------ MATERIAL FOR THE TASK

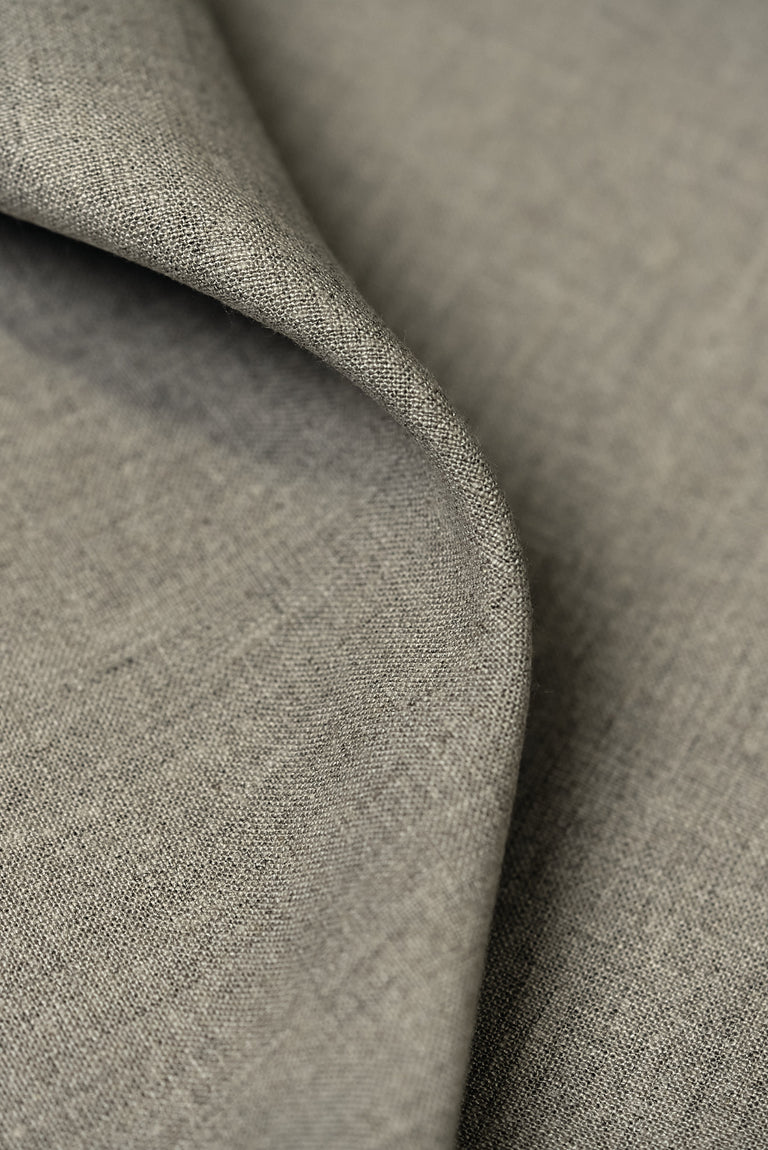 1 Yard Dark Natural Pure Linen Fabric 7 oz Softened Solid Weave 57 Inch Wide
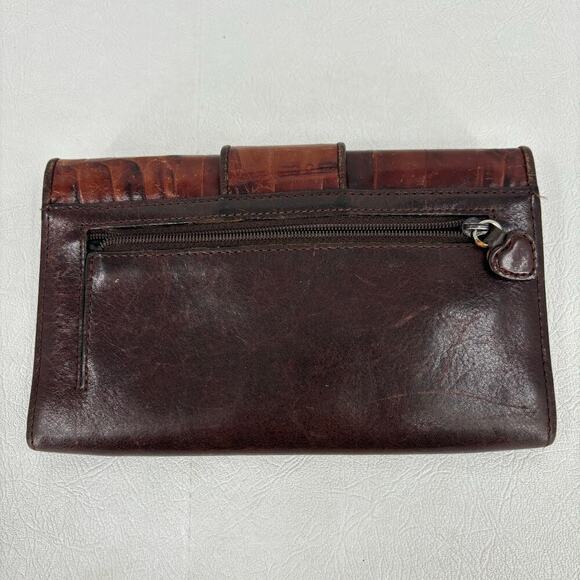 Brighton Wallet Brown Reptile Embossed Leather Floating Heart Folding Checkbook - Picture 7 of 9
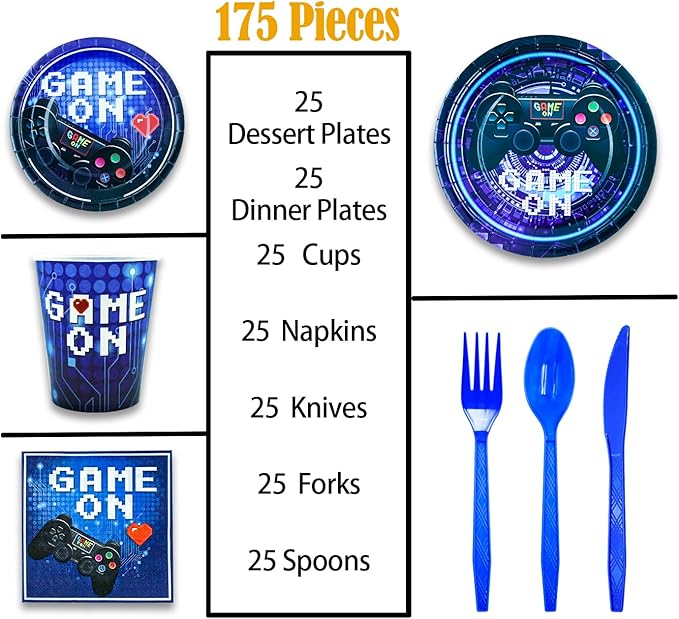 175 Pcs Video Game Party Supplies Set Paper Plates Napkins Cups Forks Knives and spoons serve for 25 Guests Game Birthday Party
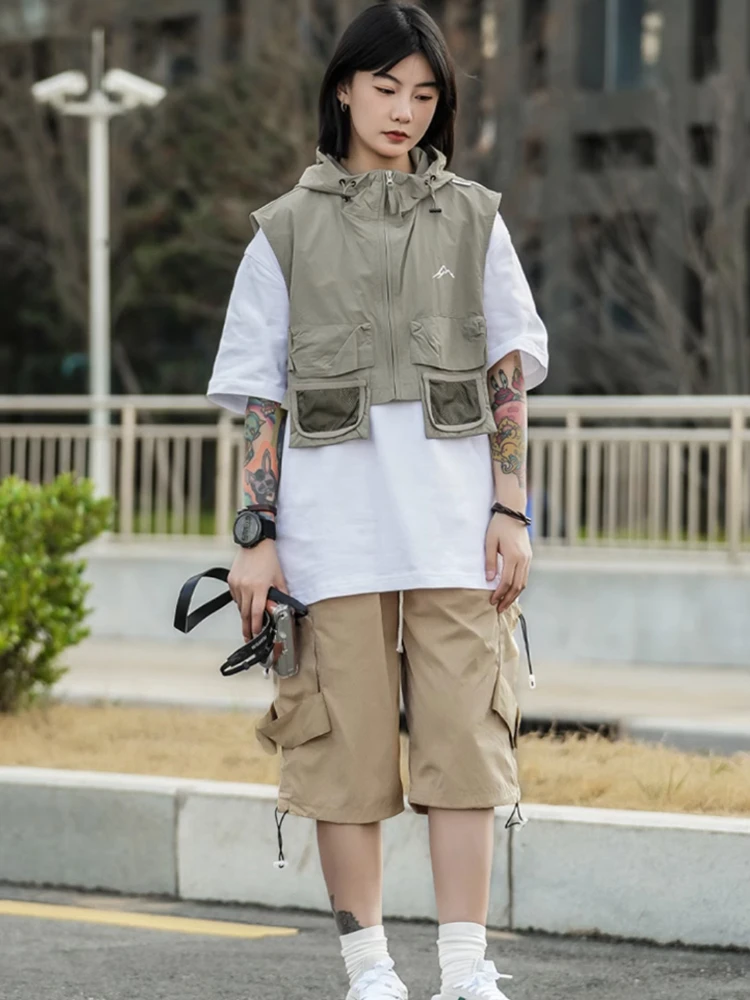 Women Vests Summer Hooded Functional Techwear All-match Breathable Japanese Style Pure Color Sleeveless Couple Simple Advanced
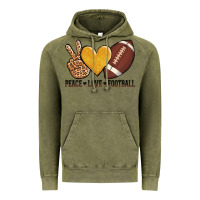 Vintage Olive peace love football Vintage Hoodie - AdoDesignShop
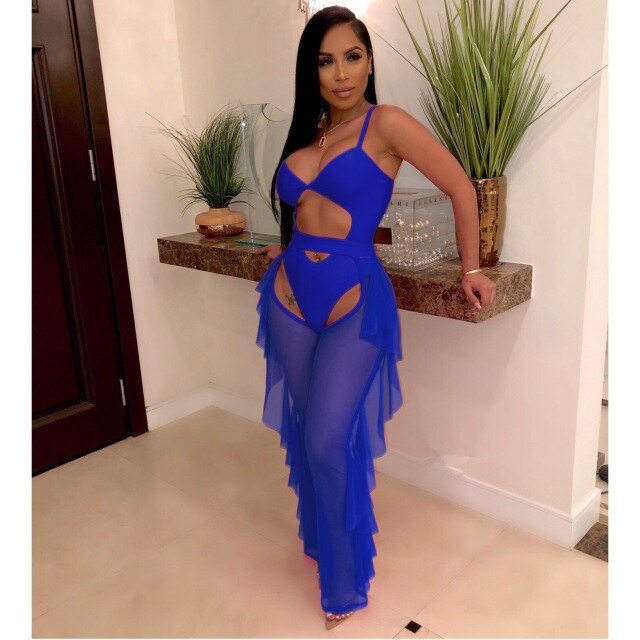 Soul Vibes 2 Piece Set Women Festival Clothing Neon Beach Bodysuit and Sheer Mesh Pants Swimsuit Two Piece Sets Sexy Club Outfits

------------

» DIRECTIONS FOR THIS TASK: The lines wanted are those from the one with "Vintage Olive peace" to the end of the entries above, repeated exactly, both ends included. Leave out the pictures.

» RESPONSE TO THE TASK:
 Vintage Olive peace love football Vintage Hoodie - AdoDesignShop
 Soul Vibes 2 Piece Set Women Festival Clothing Neon Beach Bodysuit and Sheer Mesh Pants Swimsuit Two Piece Sets Sexy Club Outfits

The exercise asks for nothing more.